Sun Dec 8th through Sat the 14th, 2019 at Vancouver Convention Center
1. Most of the existing graph based SSL methods assume that the nodes are labeled at random, however authors claim that the probability of missingness may depend on the unobserved data conditioned upon the observed data. I think this claim should be motivated well enough, at least to me it was not entirely clear why this is important. If authors can provide some scenarios which can help understand the claim, it will be beneficial for the readers. 2. Overall, the proposed model is novel and is supported by strong theory. However, the experimental analysis can be improved. One of the baselines the authors consider is "SM", but do not mention the paper in which it is proposed. Authors show results for only one real world dataset i.e., Cora dataset. They should produce results on multiple real world datasets. 3. Going by the motivation of the work, incorporating missing responses is important for graph based SSL. However, authors do not compare the proposed model with state of the art graph based SSL methods like GAT (Velickovic et al., ICML 2018) etc. [Velickovic et al., ICML 2018] Graph Attention Networks 4. Minor points: -- "vertexes" -> "vertices" -- Not sure if using gradient descent qualifies as a contribution. [Comments after reading the author response] I thank the authors for providing additional results. I'm satisfied with the author response and I vote for acceptance of the paper.
I think this paper is well prepared. I have the following comments. (1) I think one important contribution is in theoretical aspect. Nevertheless, I cannot judge the proposed results is based on the previous works or these results in developed by the authors themselves. Thus, I suggest the authors to highlight their unique contributions. (2) I am concerned about the compiutational complexity of the proposed algorithm. Thus, I suggest the authors to analyze it. (3) The paper assumed that r_i follows a Bernoulli distribution, how about other distributions?

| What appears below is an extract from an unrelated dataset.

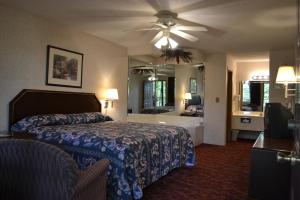 Habitación de hotel con cama y ventilador de techo. en Apple Blossom Inn, en Eureka Springs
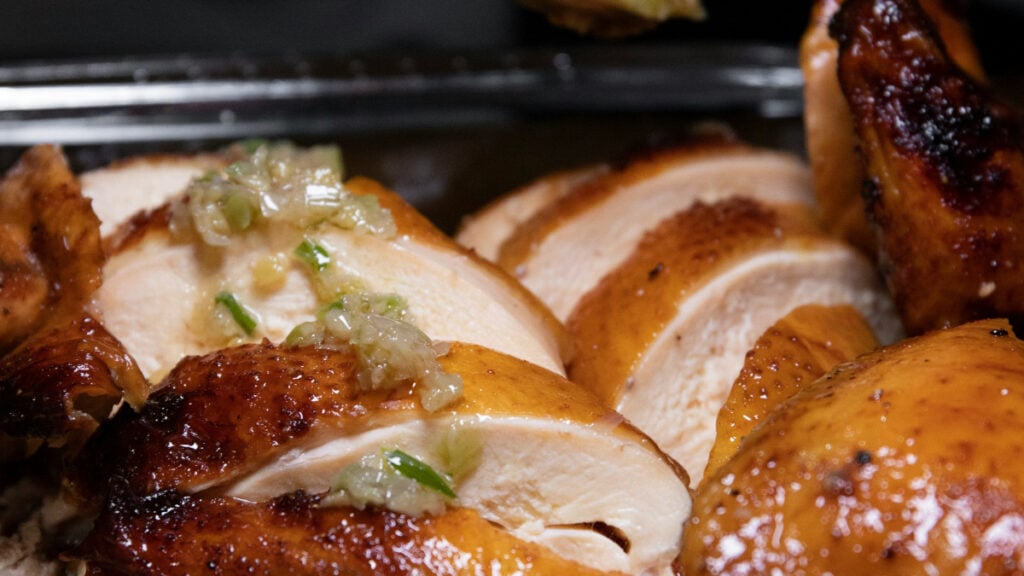 ‘Why Do We Need To Drag Race Into It?’: California Woman Says Security Kicked Her From Parking Lot for Eating Chicken She Just Bought Baked chicken on a tray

Inference under non-ignorable missing response variables is considered for graph embedding setting. Ignoring these missing variables leads to biased estimation under MNAR, so it is important to consider the missing mechanism explicitly. This paper focuses on missingness of response variables only. So, missingness of graph embedding is not considered. In fact, graph embedding is implemented as the ordinary GCN in the experiments. Therefore, the novelty is basically for handling the missingness of the response variables only, and such method is not quite novel in statistics.